The fundamentals as I saw them didn't call for that. American's total housing stock was too small for the size of the population. We still had a fairly large number of suburban single family homes, though after years of record low building, not as many as people thought. Meanwhile, our stock of apartments, duplexes and mobile homes was desperately low.
During the single family housing boom, production in these segments actually dropped off, and during the collapse they died. Yet, traditionally they have housed 40% of US families. With so many people moving out of single family homes, these structures - I thought - would be in high demand.
At the same time the stock of cars and trucks in the United States was actually shrinking. We were building fewer cars and trucks each year than we were scrapping. Moreover, the cars and trucks that we had were getting increasingly old, implying that maintenance costs were rising and the scrappage rate was set to increase.
This was happening while the US population was growing. Unless we were entering a completely new world were their were ever fewer cars and houses per person we had to see a turnaround soon.
We saw a similar effect in local government employment. The number of teachers, firefighters and police officers was shrinking.
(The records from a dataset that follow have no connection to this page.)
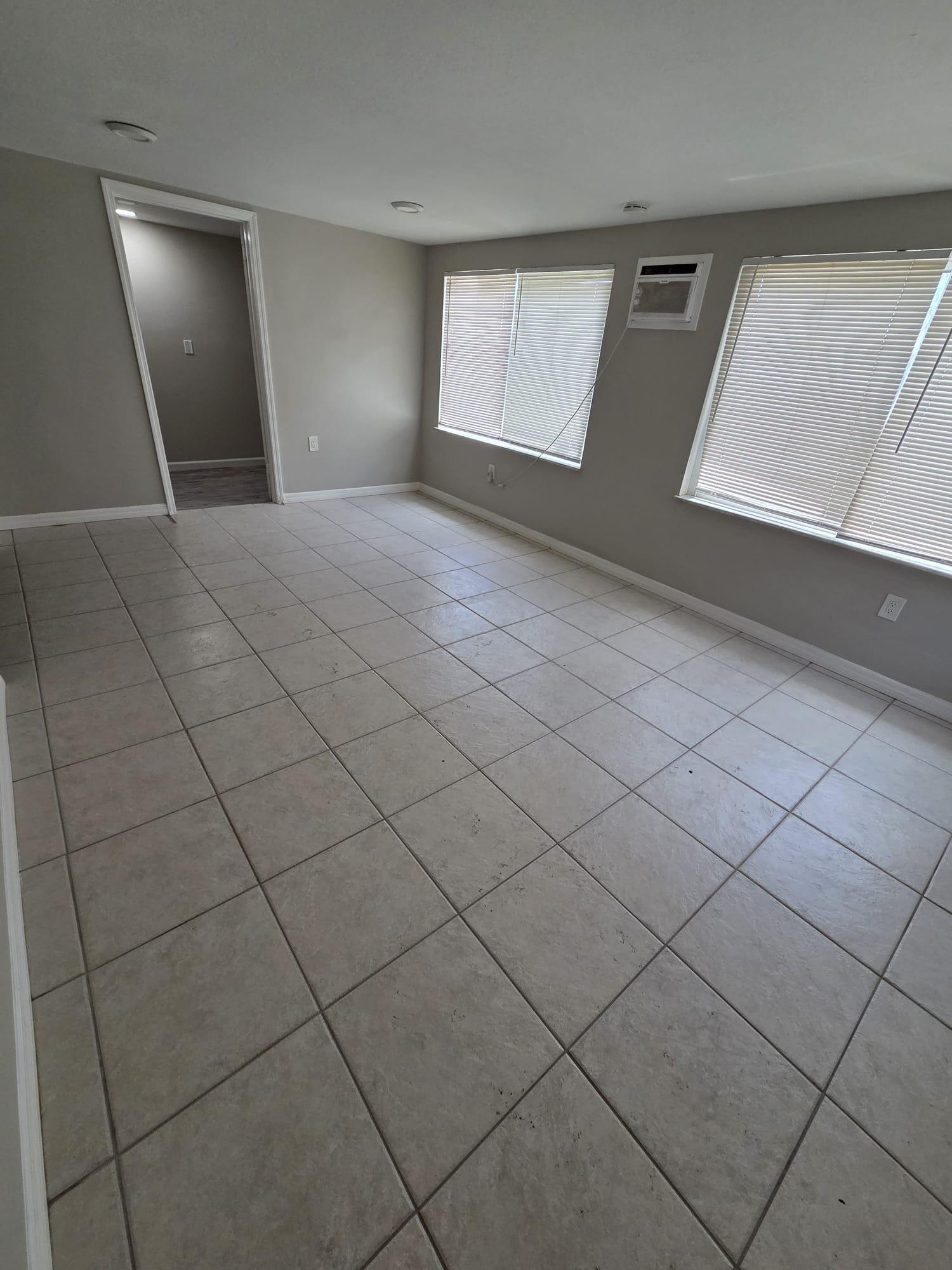 3818 Everglades Road Cabana Colony, FL 33410 - Photo 8 of 21 381cc9e7-d2bb-4639-ad7f-fcaf2a9a5f01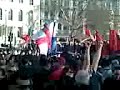 kosova-pavarsi-17022008-antwerpen-belgjik.html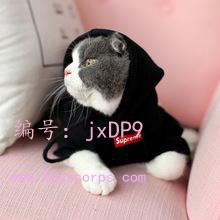 벻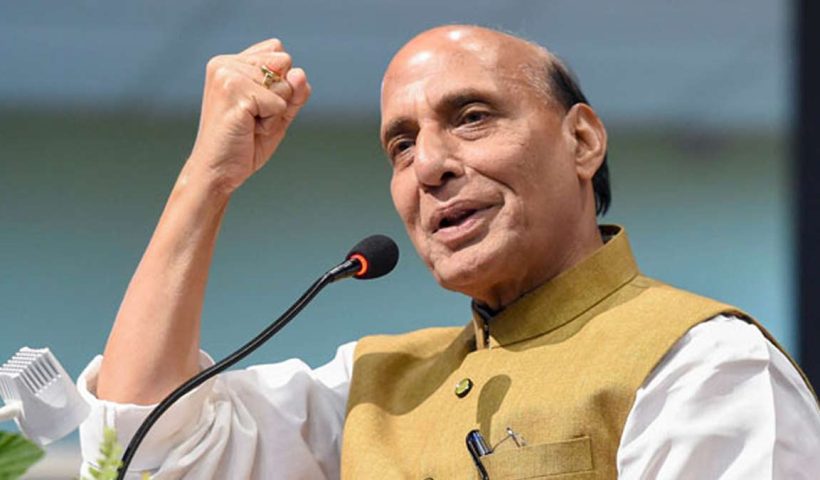 rajnath-singh-sindh-statement-border-change-controversy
Again, unless the way American communities are run had taken a permanent change this was going to turn around as well.
Those forces combined with the baseline strength of the American economy - I thought - were likely enough to push the economy into self-sustained growth.
Since that time we have seen a pick-up in auto sales, which may be coming faster than I would have expected. We have also seen an increase in multifamily housing construction, which is coming a little slower than expected. And we have seen a bottoming out in local government layoffs, about on schedule.
Is this then the recovery we have been waiting for?
My sense is: not quite yet.
When the recovery hits we should sense a jolt in the economy. We should expect manufacturers to be rushing ahead to increase deliveries faster than expected. We would expect building projects to take on a sense of urgency rather than trepidation. We don't quite feel that yet.
I had expected that jolt or kick to come sometime around now, in March or April. Chances are it will be late.
Nonetheless, the fundamentals have not changed and the forces driving the economy are still primed for a surge forward. This is not yet the full force recovery, but it should be here soon.